§ **YOUR OBJECTIVE**:
In your copy of the data, keep every word exact and include no pictures.

Collected data entries:
++++++
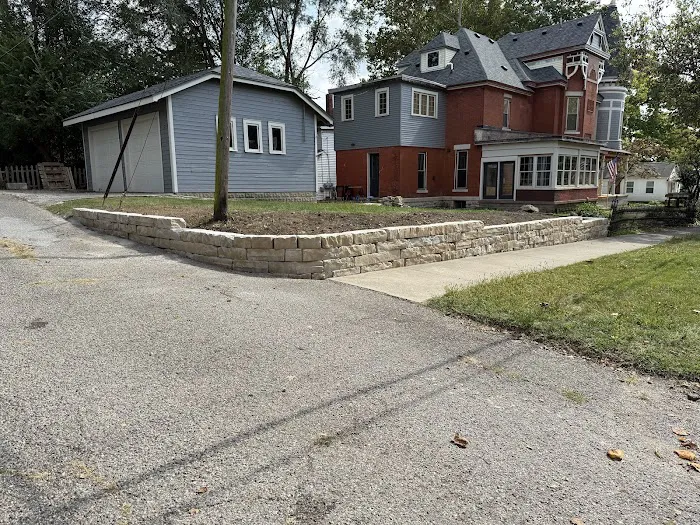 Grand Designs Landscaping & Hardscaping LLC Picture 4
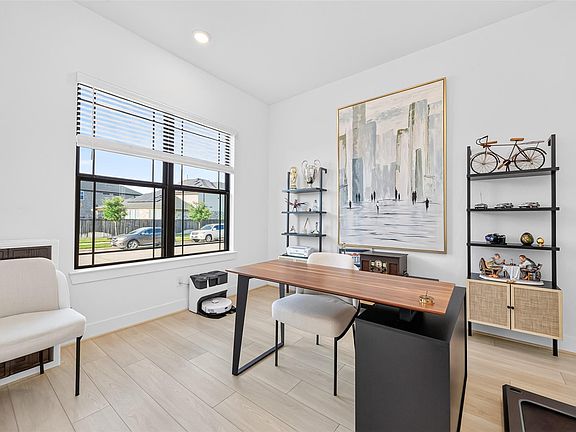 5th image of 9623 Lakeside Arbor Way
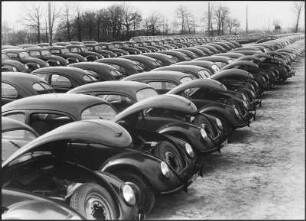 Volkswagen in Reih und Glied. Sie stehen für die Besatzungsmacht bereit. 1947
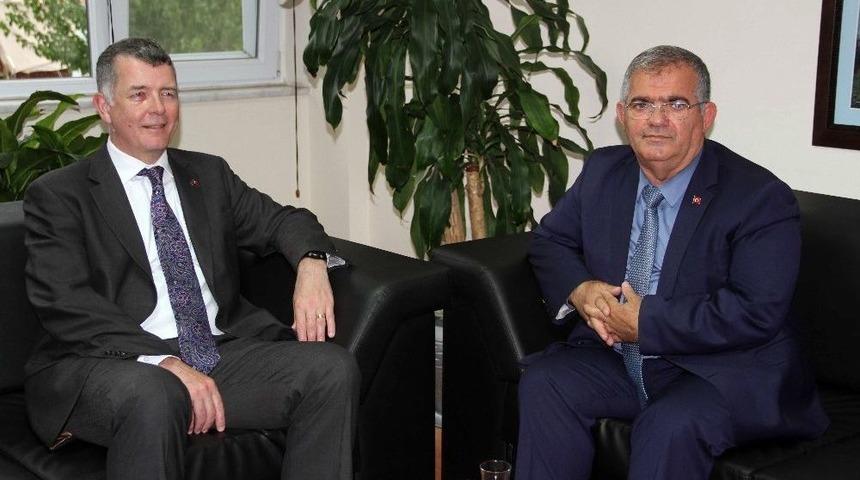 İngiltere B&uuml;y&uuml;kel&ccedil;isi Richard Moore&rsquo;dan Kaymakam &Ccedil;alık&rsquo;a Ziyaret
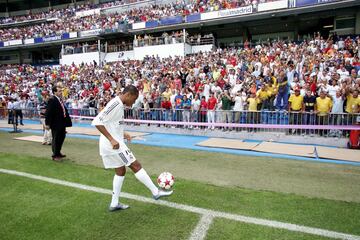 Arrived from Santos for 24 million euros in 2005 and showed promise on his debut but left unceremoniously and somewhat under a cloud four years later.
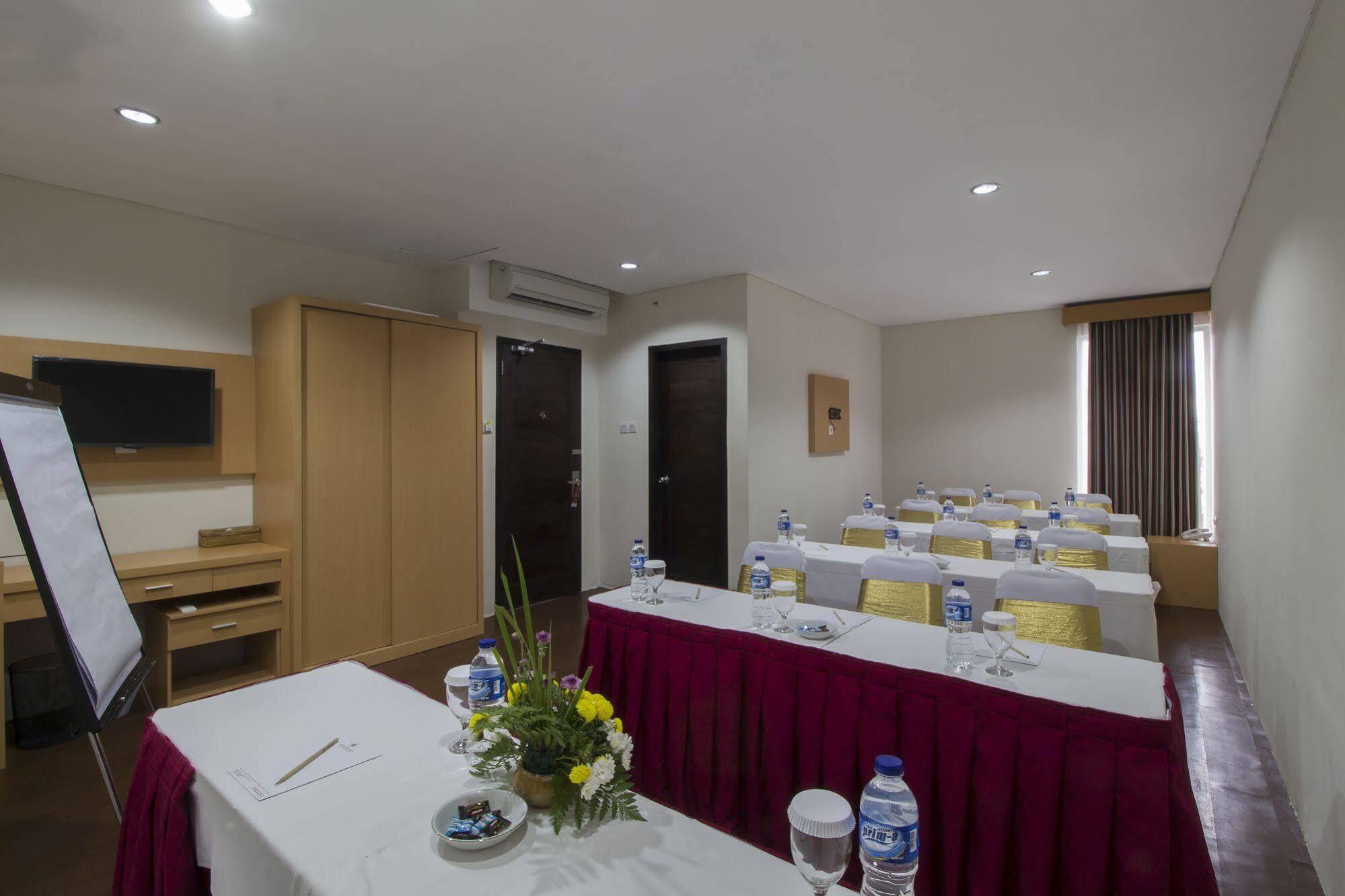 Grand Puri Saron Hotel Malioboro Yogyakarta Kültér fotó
++++++
§ **EXERCISE ANSWER**:
 Grand Designs Landscaping & Hardscaping LLC Picture 4
 5th image of 9623 Lakeside Arbor Way
 Volkswagen in Reih und Glied. Sie stehen für die Besatzungsmacht bereit. 1947
 İngiltere B&uuml;y&uuml;kel&ccedil;isi Richard Moore&rsquo;dan Kaymakam &Ccedil;alık&rsquo;a Ziyaret
 Arrived from Santos for 24 million euros in 2005 and showed promise on his debut but left unceremoniously and somewhat under a cloud four years later.
 Grand Puri Saron Hotel Malioboro Yogyakarta Kültér fotó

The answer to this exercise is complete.